Six months ago, our son and daughter-in-law in Boston made us grandparents by bringing into the world our first granddaughter, Evelyn Grace. See these cute pictures! When you touch and smell a baby’s feet, they smell good. You want to put them up to your nose and kiss them with your lips. There are no bunions, corns, calluses, blisters, ingrown toenails, warts. These little feet have not had the chance to walk on this earth yet. They are good smelling feet from heaven. You don’t mind washing these little feet.

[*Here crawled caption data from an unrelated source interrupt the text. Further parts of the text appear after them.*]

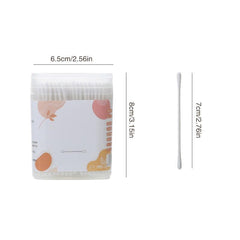 200 Soft Gentle Cotton Swabs Double Tips Ear Nose Cleaning Paper Stick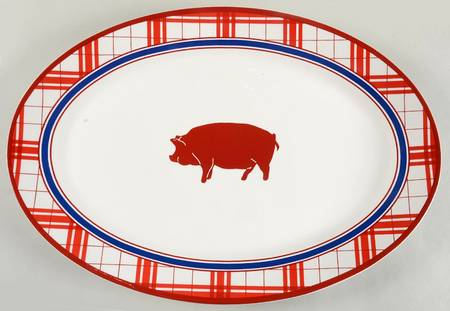 Country Barbecue 18" Oval Serving Platter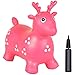 Best Choice Products Kids Pink Deer Hopper, Inflatable Jumping Deer Ride-on Bouncy Pump Included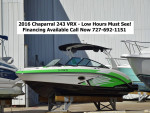 2016 Chaparral 243 VRX Jet Boat LOW Hours LOOK!!!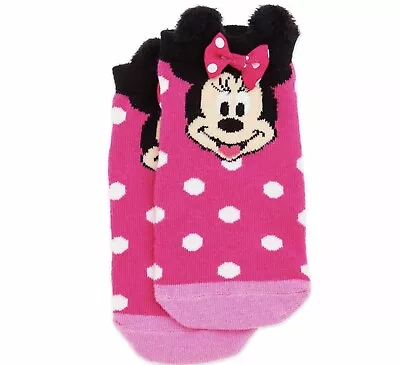 Disney Store Minnie Mouse Polka Dot Bow Kids Girls Socks M Medium Shoe 10-13 • $5.99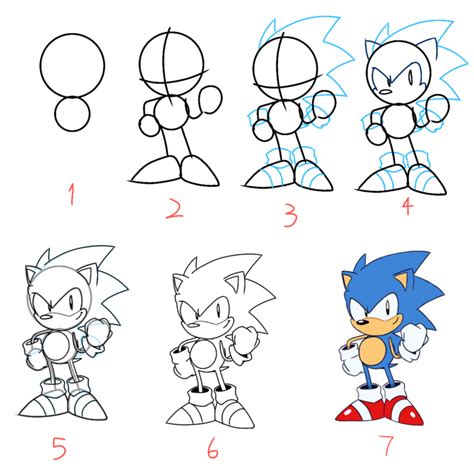 Como Dibujar A Sonic Paso A Paso How To Draw Sonic Images And Photos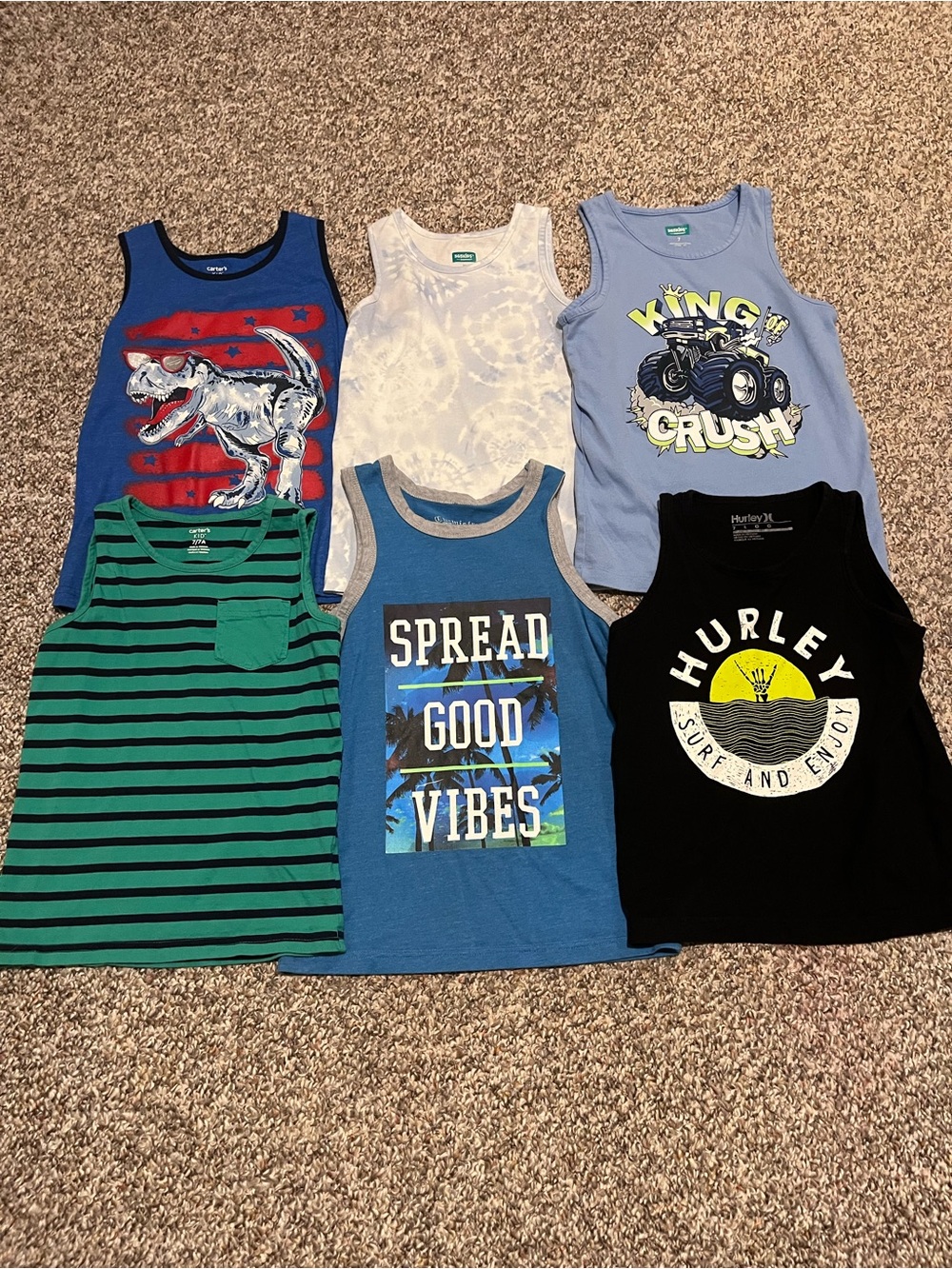 Boy’s Graphic Tank Top Lot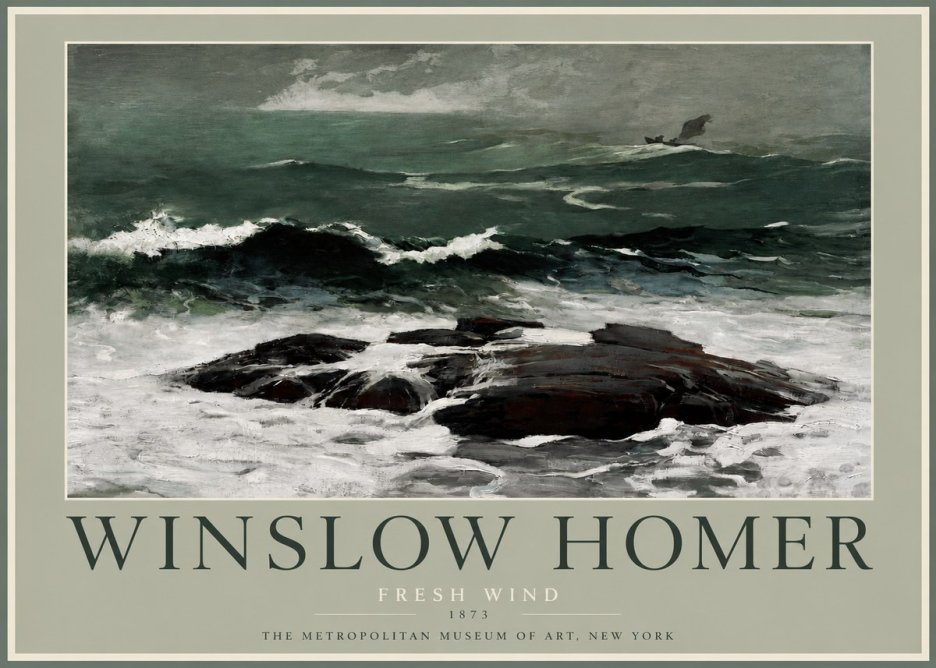 Winslow Homer Fresh Wind No2 - Póster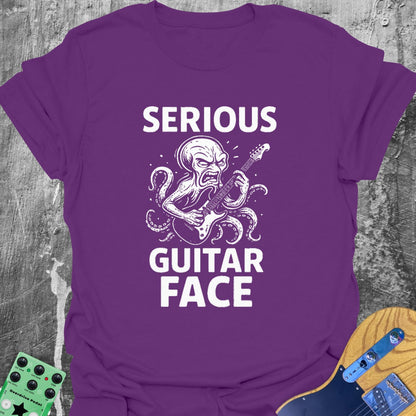 Serious Guitar Face Guitarist T-Shirt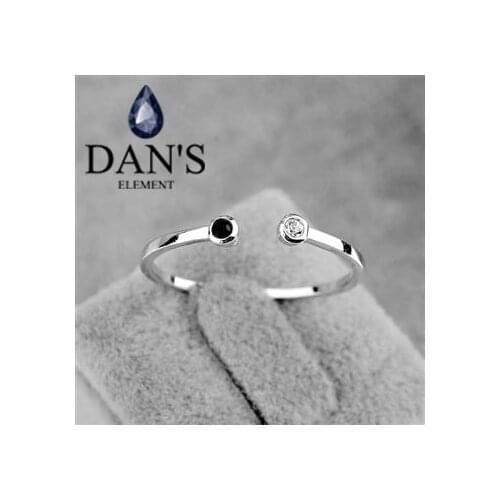 Dans Element Austrian Crystal Copper white Gold Color Fashion Rings for Women healthful Openings ring DER11542White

Washing the Disciples Feet

In the Scriptures read for tonight, we see that Jesus knew the time has come for him to fulfill his mission in the world. Jesus has loved his disciples from the beginning of his ministry and still loves them as he comes to the end of his ministry. He saw how these disciples walked on this earth as fishermen, laborers, carpenters, homemakers, tax collectors. So out of his love for the world, Jesus walked with them too. The unpaved, uneven, rocky, and dusty roads must have caused these disciples’ feet to be roughed up, sweaty, and smelly. At the end of the day, these are the kind of people who would take off their socks to hang on the radiator to dry.

Jesus gets up from the table, takes off his outer robe, and ties a towel around him. He pours water in a basin and began to wash the disciples’ roughed up, sweaty, dirty, and smelly feet. He dries their feet with the towel tied around him. Some of the disciples must have been shocked. They were mesmerized by what they were seeing. Perhaps some of them were so tired that they enjoyed having their feet washed and massaged by Jesus. Perhaps some of them were so engaged in conversation with each other that they didn’t even noticed that Jesus was kneeling underneath the table washing their feet.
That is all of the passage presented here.